- Born: Edward Lacy Challenor 10 March 1873 Barbados
- Died: 15 September 1935 (aged 62)

Cricket information
- Batting: Right-handed

Career statistics
| Competition | First-class |
| Matches | 29 |
| Runs scored | 1,106 |
| Batting average | 21.68 |
| 100s/50s | 1/3 |
| Top score | 111 |
| Catches/stumpings | 23/– |
- Source: CricketArchive, 6 December 2022

= Edward Challenor =

British Army officer and cricketer

Brigadier-General Edward Lacy Challenor, (10 March 1873 - 15 September 1935) was a British Army officer and first-class cricketer from Barbados.

He played in England with Leicestershire and in South Africa with Western Province and Natal.
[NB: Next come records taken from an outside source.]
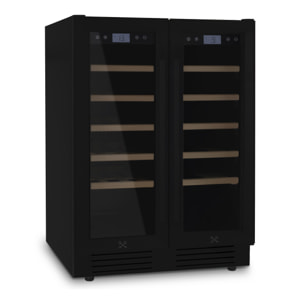 LES PETITS CHAMPS Vinoteca empotrada de 42 botellas CAVCEDB42 de doble zona (5-20°C, 10 estantes de madera)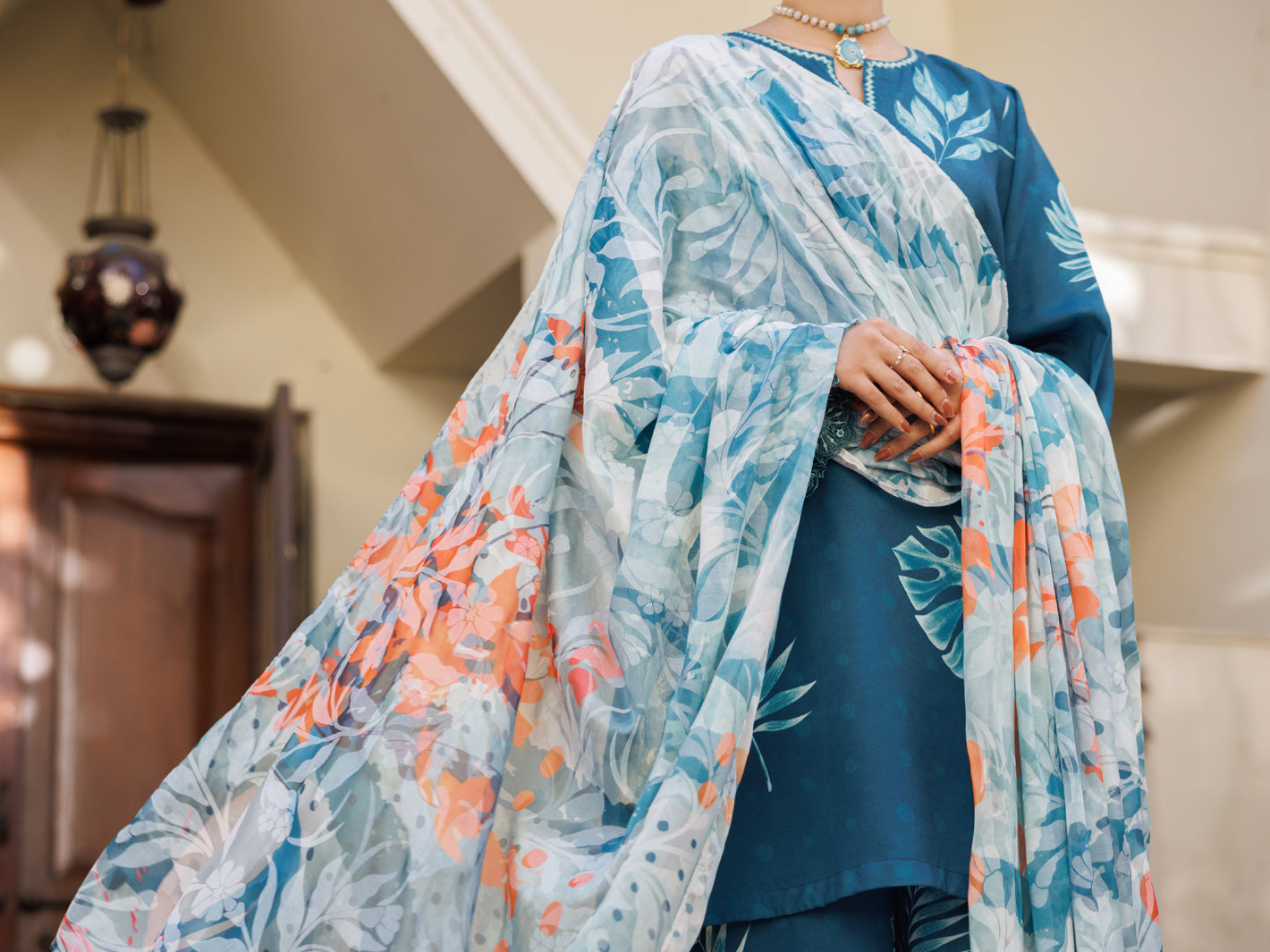 Teal Poly Lawn Stitched 3 Piece - ALP-3PS-2603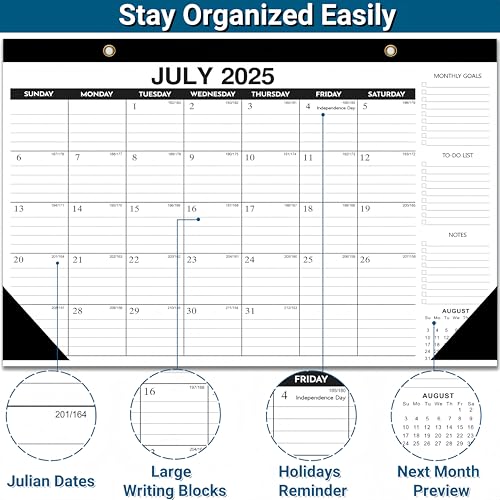 Desk Calendar 2025-2026 - 18-Month Large Desk/Wall Calendar, Jul 2025 - Dec 2026, 17" x 12", Thick Paper, Large Ruled Blocks, Clear Plastic Cover – Perfect for Home School & Office Organization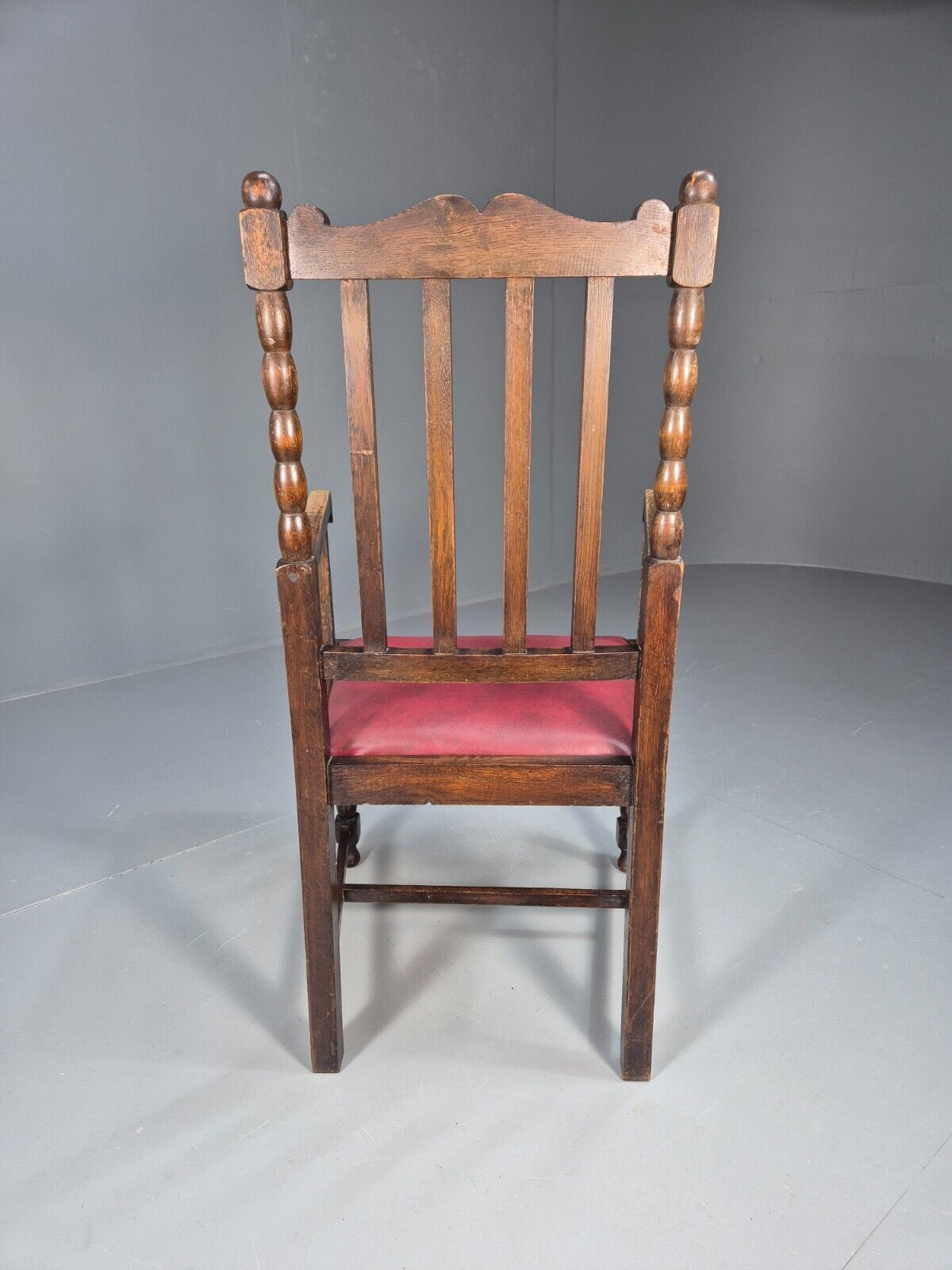 Vintage Elbow Chair Red Vinyl Oak Frame 1920s Antique EB9134 VDIN - UKDK FURNITURE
His brother George played Test cricket for West Indies.

Challenor joined the British Army where he was commissioned as a second lieutenant in the Leicestershire Regiment on 19 July 1893, and promoted to lieutenant on 1 July 1896. He served with the 1st battalion of his regiment in the Second Boer War in South Africa 1899–1902. Taking part in the first major battle of the war, at Talana Hill in October 1899, he then joined the march from Dundee to Ladysmith, took part in the battle for the city the same month (which the British lost), and was in the city during the following siege. After Ladysmith was relieved in February 1900, the battalion was part of the following advance through Natal to Transvaal, taking part in several battles including Bergendal in August 1900. He then served in various parts of Transvaal during the next year, and was promoted to captain on 26 October 1901.

After the end of the war, Challenor joined 540 officers and men of the 1st Leicestershire leaving Port Natal on the SS Ortona in November 1902 for British India, where they were subsequently stationed at Madras.

He later served in the First World War and was awarded the Distinguished Service Order (DSO). He commanded the Leicestershire Regiment from August 1919 to August 1923. He was appointed a Companion of the Order of St Michael and St George in the 1918 New Year Honours. He was appointed a Companion of the Order of the Bath in the 1919 New Year Honours and a Commander of the Order of the British Empire in the 1923 New Year Honours.